──────── Data excerpts

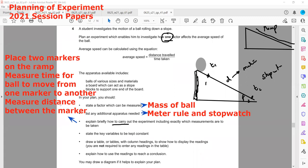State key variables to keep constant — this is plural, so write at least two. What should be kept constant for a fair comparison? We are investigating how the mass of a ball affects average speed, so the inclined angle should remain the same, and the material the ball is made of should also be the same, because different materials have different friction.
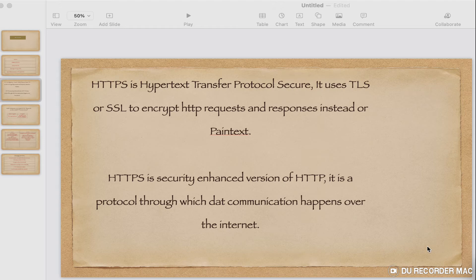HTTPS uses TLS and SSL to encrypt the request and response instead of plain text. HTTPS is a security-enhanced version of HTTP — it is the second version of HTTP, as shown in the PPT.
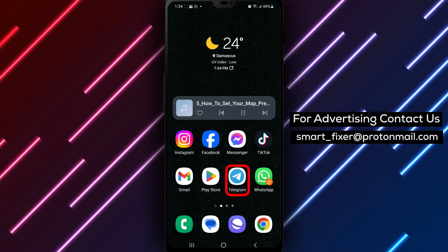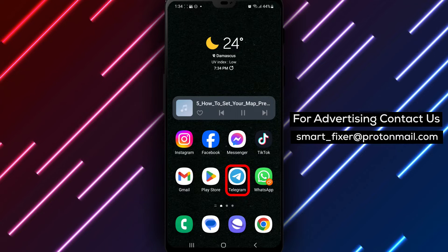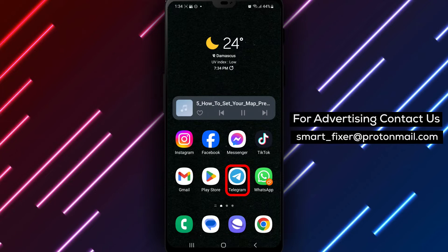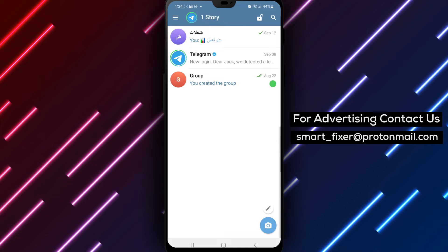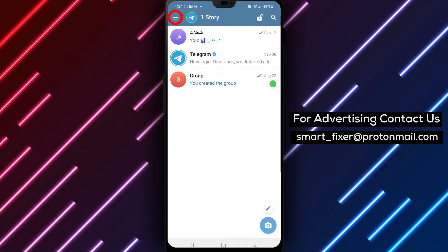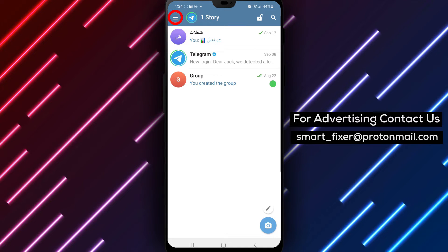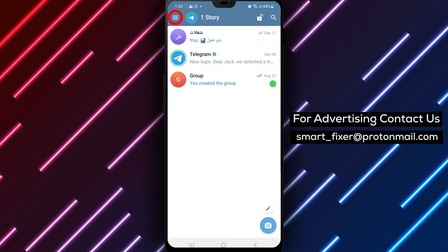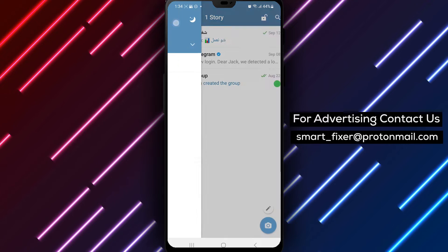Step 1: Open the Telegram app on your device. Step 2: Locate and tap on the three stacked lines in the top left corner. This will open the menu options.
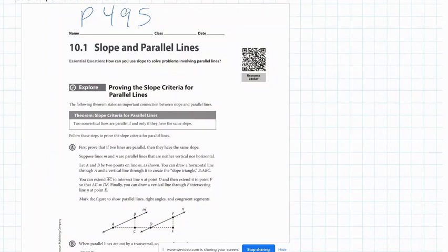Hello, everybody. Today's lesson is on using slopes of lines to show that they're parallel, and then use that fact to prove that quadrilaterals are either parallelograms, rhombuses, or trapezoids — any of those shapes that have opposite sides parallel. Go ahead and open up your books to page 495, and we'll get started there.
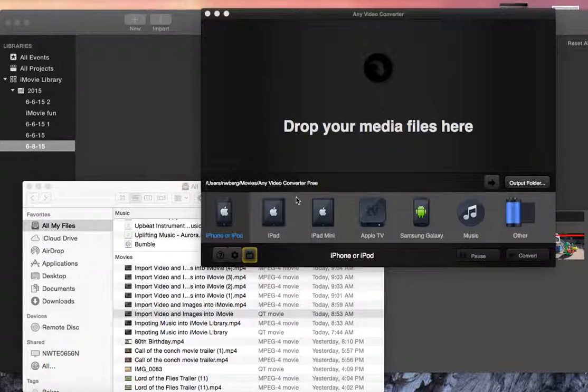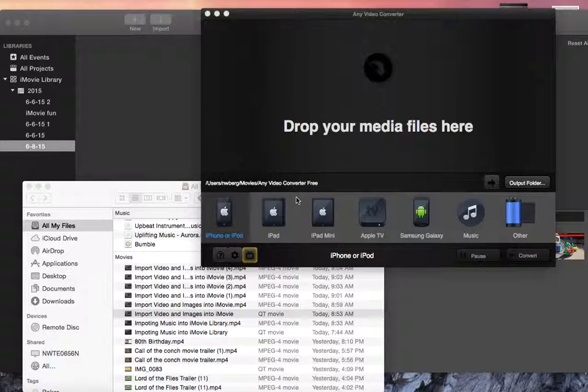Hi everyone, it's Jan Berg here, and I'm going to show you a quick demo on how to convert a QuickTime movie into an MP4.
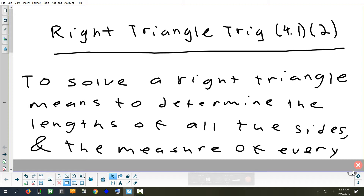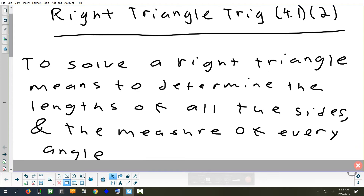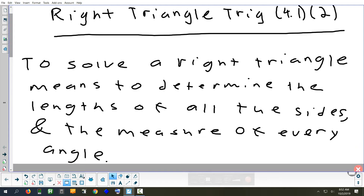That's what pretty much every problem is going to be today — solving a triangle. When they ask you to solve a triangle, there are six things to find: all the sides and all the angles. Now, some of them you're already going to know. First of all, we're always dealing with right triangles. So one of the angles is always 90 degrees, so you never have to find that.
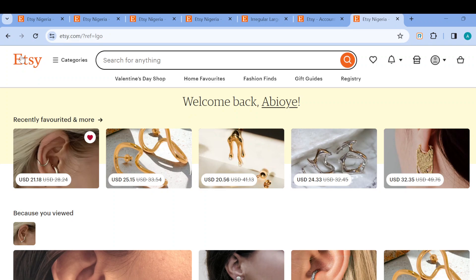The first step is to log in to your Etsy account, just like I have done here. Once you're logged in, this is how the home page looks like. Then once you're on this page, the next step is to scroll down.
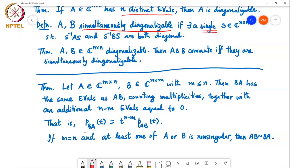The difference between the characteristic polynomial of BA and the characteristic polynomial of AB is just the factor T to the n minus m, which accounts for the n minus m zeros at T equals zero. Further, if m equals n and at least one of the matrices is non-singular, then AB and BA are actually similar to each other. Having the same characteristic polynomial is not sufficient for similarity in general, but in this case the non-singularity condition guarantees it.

────────────────
──────── Data excerpts

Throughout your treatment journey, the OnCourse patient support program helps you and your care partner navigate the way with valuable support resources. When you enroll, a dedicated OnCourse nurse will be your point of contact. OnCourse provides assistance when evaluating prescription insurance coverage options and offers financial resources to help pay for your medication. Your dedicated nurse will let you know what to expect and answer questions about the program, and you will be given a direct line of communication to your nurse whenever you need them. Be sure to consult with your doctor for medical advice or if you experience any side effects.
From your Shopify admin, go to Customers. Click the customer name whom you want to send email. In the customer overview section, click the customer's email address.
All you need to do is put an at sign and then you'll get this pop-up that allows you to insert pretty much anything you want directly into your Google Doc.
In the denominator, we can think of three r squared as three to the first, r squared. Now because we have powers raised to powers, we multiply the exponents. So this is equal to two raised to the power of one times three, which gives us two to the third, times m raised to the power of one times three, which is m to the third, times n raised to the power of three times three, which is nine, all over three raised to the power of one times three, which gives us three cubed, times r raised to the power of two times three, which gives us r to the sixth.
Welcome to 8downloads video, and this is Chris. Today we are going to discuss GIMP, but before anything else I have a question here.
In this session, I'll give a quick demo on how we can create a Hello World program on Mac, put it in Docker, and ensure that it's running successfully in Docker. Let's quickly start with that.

────────────────

Task objective: From the entries above, write out only the lines starting at the line that holds "Welcome to 8downloads" and ending at the line that holds "In this session, I'll", keeping both and matching them exactly.

Task solution:
Welcome to 8downloads video, and this is Chris. Today we are going to discuss GIMP, but before anything else I have a question here.
In this session, I'll give a quick demo on how we can create a Hello World program on Mac, put it in Docker, and ensure that it's running successfully in Docker. Let's quickly start with that.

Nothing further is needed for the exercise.